Friday, January 29, 2016

BRAIN OVERLOAD

BRAIN OVERLOAD


Have you ever had so many things running through your head that you feel like it may just EXPLODE?

I've always been one of those over thinkers.... I've tried many things over the years to "still" my brain, some things have worked for short periods of times but then sadly it stops. That's when I find myself not being able to sleep through the night and trying to solve all of my problems along with the worlds while normal people are sleeping.

I'm a person who does not function well with grey areas in my life. I've always been a black/white person to the extent that I get anxiety if some part of my life runs over in to grey for a period of time. I've been told I'm too organized, I plan too much, I have OCD, that I need to just let life happen the way it's supposed to.... Ya the last one freaks me out completely!! What do you mean just let life happen???? People really do that?

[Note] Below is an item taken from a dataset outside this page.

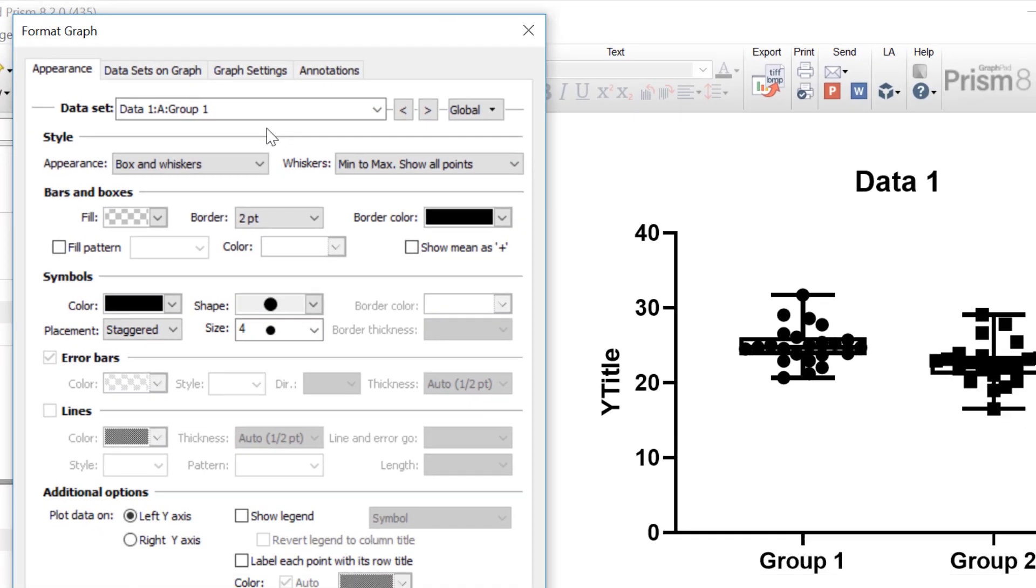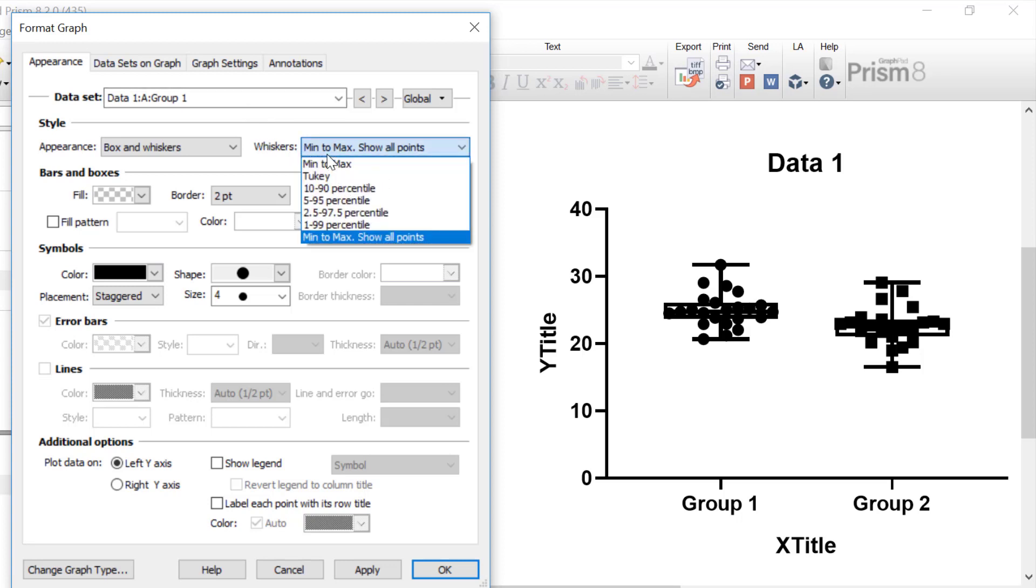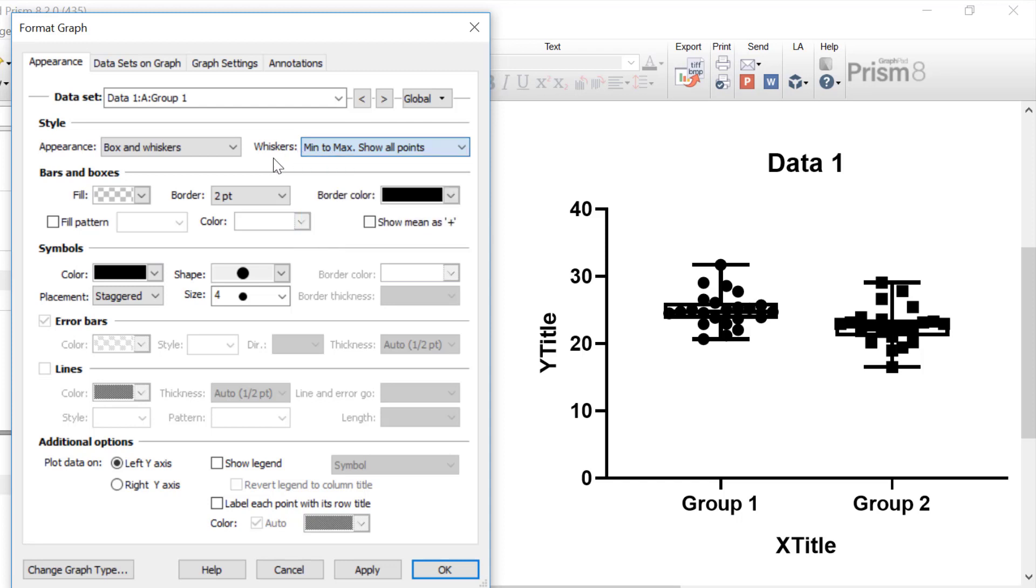So with the format graph window open, it is here that you can change the appearance of the box and whisker plot, including the color of the bars and the boxes, as well as the symbols if you have superimposed them onto your graph. With my first group selected, I can change what the whiskers represent, as previously shown in the wizard. Again, I'm going to leave this to minimum and maximum and show all points.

And then a few years ago a very smart woman told me that the more I tried to make everything in my life happen the perfect way I saw it in my head the more it went the opposite direction. When I sat back and thought about all of this I was shocked at just how right she was. She also told me that when I was feeling like I just couldn't handle a situation any more to the point where it was keeping me up at night that I really needed to learn to turn it over to God the only person who knew how it should play out in the best way for me. For those of you who knew me during this time... this was the hardest lesson for me to learn. Why you ask... let me explain...

I have always felt I was being held to a higher standard, that more was expected from me, and that I had to be the strong one. Early on the only way  thought  could potentially live up to this was by trying to control every aspect of my life so that no one could screw it up for me. HA! That never seemed to work out very well, but I never knew why until then.

The last few years have brought any struggles and hard times in my life... the difference now is that even though I struggle I have learned that its true turning all of it over to God is the only way I can make it through and stay on the path he has set for me. The path that leads back to him and to happiness. It doesn't matter if it's work, my love life, issue with my kids or friends... he has my best interest in mind always and knows what is best for me. Does it always play out the way I think it should.... (lol) no of course not, but it does play out in the best way and shows me that some things that happen are hidden blessings that have saved me from some even harder times in life.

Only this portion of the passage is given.